(What is required)
The reply should hold only the lines below beginning at the one with "Deep V-Neck Lace One-Piece Bodysuit Lingerie" and ending at the one with "ilustración vectorial del", copied exactly, with every picture left out.

*** Dataset entries Section Begins ***

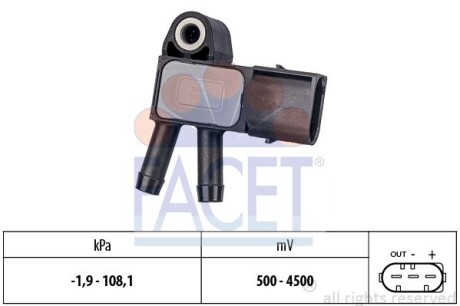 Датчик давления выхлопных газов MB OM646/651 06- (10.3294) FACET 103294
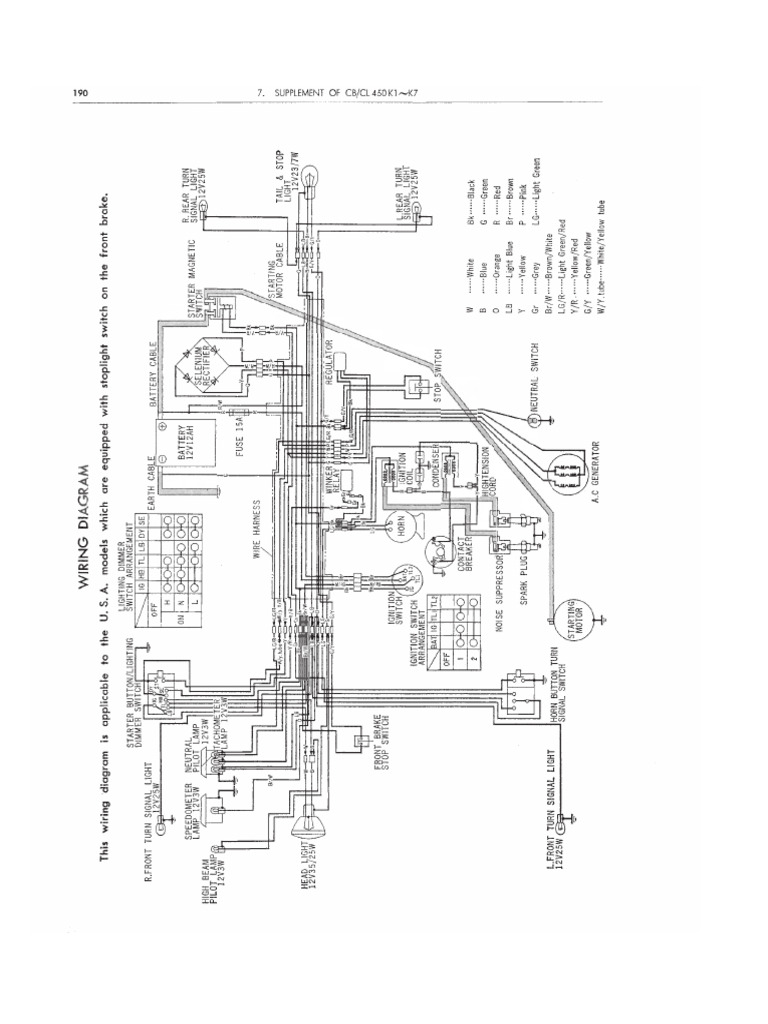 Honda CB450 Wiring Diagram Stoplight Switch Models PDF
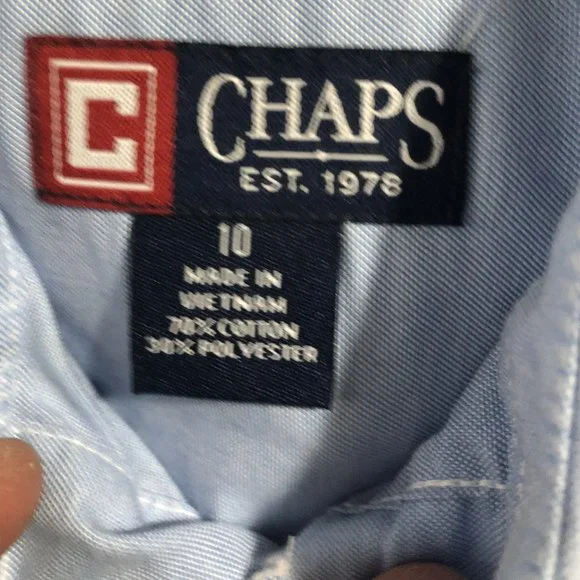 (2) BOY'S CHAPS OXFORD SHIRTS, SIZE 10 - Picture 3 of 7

*** Dataset entries Section Ends ***
*** Dataset entries Section Begins ***

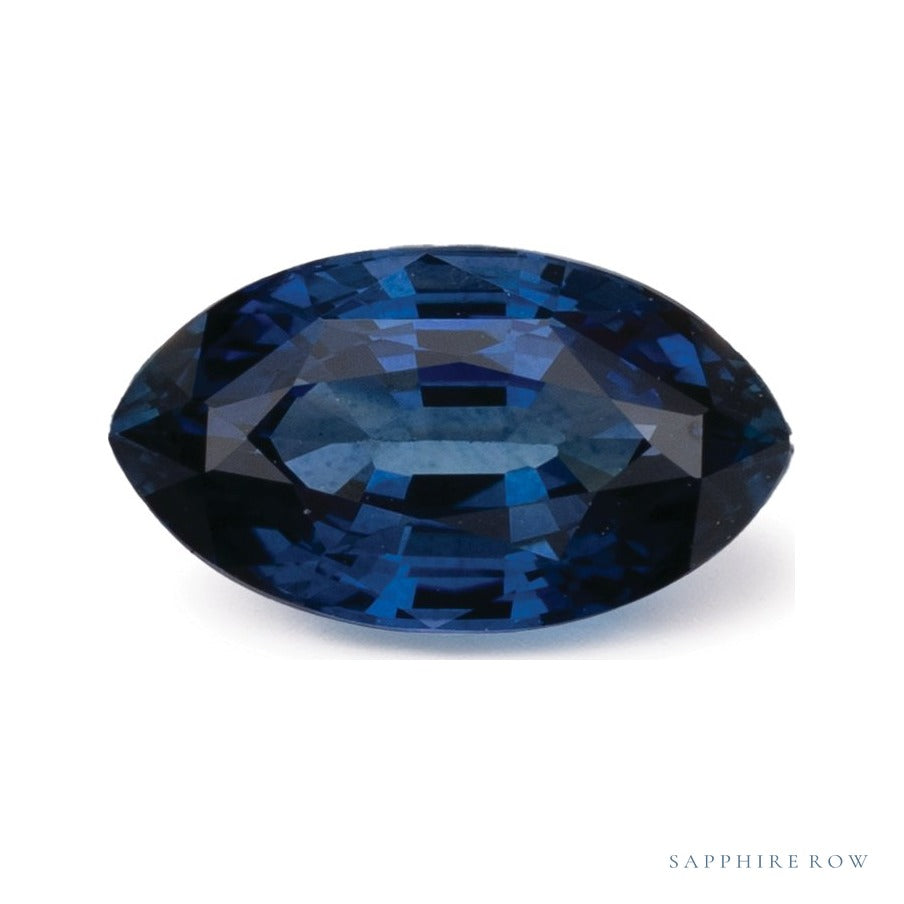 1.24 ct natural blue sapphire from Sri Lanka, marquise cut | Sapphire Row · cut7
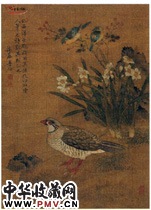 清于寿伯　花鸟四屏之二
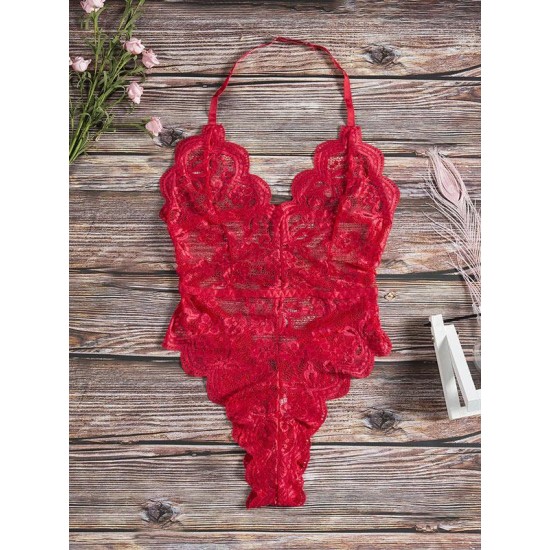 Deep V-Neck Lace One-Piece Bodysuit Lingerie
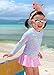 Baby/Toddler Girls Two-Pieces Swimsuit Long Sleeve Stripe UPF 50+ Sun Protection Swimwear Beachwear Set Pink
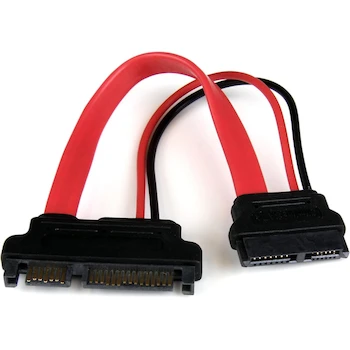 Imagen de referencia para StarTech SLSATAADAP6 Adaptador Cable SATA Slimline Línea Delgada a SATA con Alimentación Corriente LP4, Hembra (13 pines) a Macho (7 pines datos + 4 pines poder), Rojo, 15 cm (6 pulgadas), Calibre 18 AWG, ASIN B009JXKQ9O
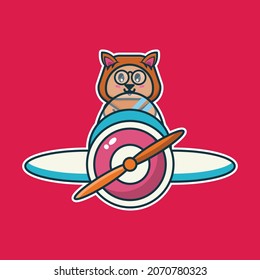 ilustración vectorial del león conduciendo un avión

*** Dataset entries Section Ends ***

(Reply to the exercise)
 Deep V-Neck Lace One-Piece Bodysuit Lingerie
 Baby/Toddler Girls Two-Pieces Swimsuit Long Sleeve Stripe UPF 50+ Sun Protection Swimwear Beachwear Set Pink
 Imagen de referencia para StarTech SLSATAADAP6 Adaptador Cable SATA Slimline Línea Delgada a SATA con Alimentación Corriente LP4, Hembra (13 pines) a Macho (7 pines datos + 4 pines poder), Rojo, 15 cm (6 pulgadas), Calibre 18 AWG, ASIN B009JXKQ9O
 ilustración vectorial del león conduciendo un avión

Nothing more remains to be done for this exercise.